14. A computer-implemented method (500) for
synthesizing data instances using a trained normalizing flow model, comprising:
- accessing (510):
- model data defining a trained normalizing flow model which is configured to model a conditional probability distribution of data comprising data instances (x) by defining an invertible mapping to a sample space (Y) with a known probability distribution, wherein the normalizing flow model comprises a series of invertible transformation functions in the form of a series of layers, wherein the layers comprise at least one nonlinear coupling layer which comprises a nonlinear term which is parameterized by one or more conditional parameters obtained as the respective outputs of one or more trained neural networks and which are dependent on the data instances (x) and associated conditions (c); and
- synthesizing (520) a data instance (x_{g}) from the conditional probability distribution of the data by:
- sampling (530) from the sample space to obtain a sample (y);
- determining (540) an inverse of the mapping defined by the trained normalizing flow model; and
- determining (550) a condition (c_{s}) for said synthesized data instance;
- using (560) the sample (y) and the condition (c_{s}) as an input to said inverse mapping to obtain said synthesized data instance (x_{g}); and
- outputting (570) output data based on the synthesized data instance.
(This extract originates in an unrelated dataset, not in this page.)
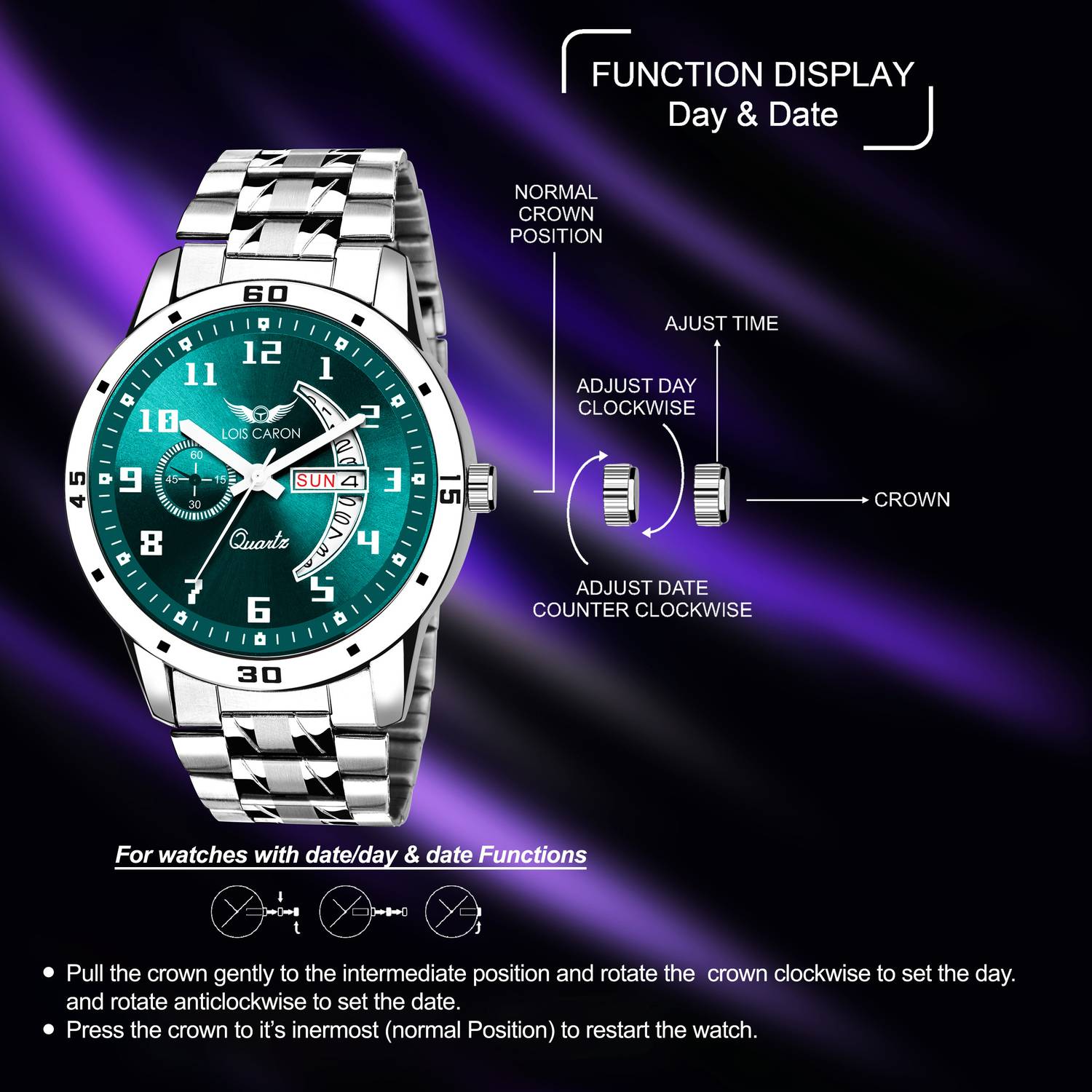 LOIS CARON LCSS-8326 Stainless Steel Chain Watch - Image 4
15. A computer-implemented method (600) for
inferring a probability of data instances using a normalizing flow model, comprising:
- accessing (610):
- model data defining a trained normalizing flow model which is configured to model a conditional probability distribution of data comprising data instances (x) by defining an invertible mapping to a sample space (Y) with a known probability distribution, wherein the normalizing flow model comprises a series of invertible transformation functions in the form of a series of layers, wherein the layers comprise at least one nonlinear coupling layer which comprises a nonlinear term which is parameterized by one or more conditional parameters obtained as the respective outputs of one or more trained neural networks and which are dependent on the data instances (x) and associated conditions (c);
- inferring (620) a probability of a data instance (x_{q}) given a condition (c_{s}) by:
- applying (630) the normalizing flow model to the data instance (x_{q}) to obtain a mapped data instance (y) in the sample space (Y);
- determining (640) a probability of the mapped data instance (y) in the sample space using the known probability distribution;
- determining (650) a Jacobian determinant of the normalizing flow model as a function of the condition (c_{s});
- multiplying (660) the probability of the mapped data instance (y) with the Jacobian determinant to obtain the probability of the data instance (x_{q});
- outputting (670) output data based on the probability of the data instance (x_{q}).
16. A computer-readable medium (700) comprising transitory or non-transitory data (710) representing instructions arranged to cause a processor system to perform the computer-implemented method according to any one of claims 13 to 15.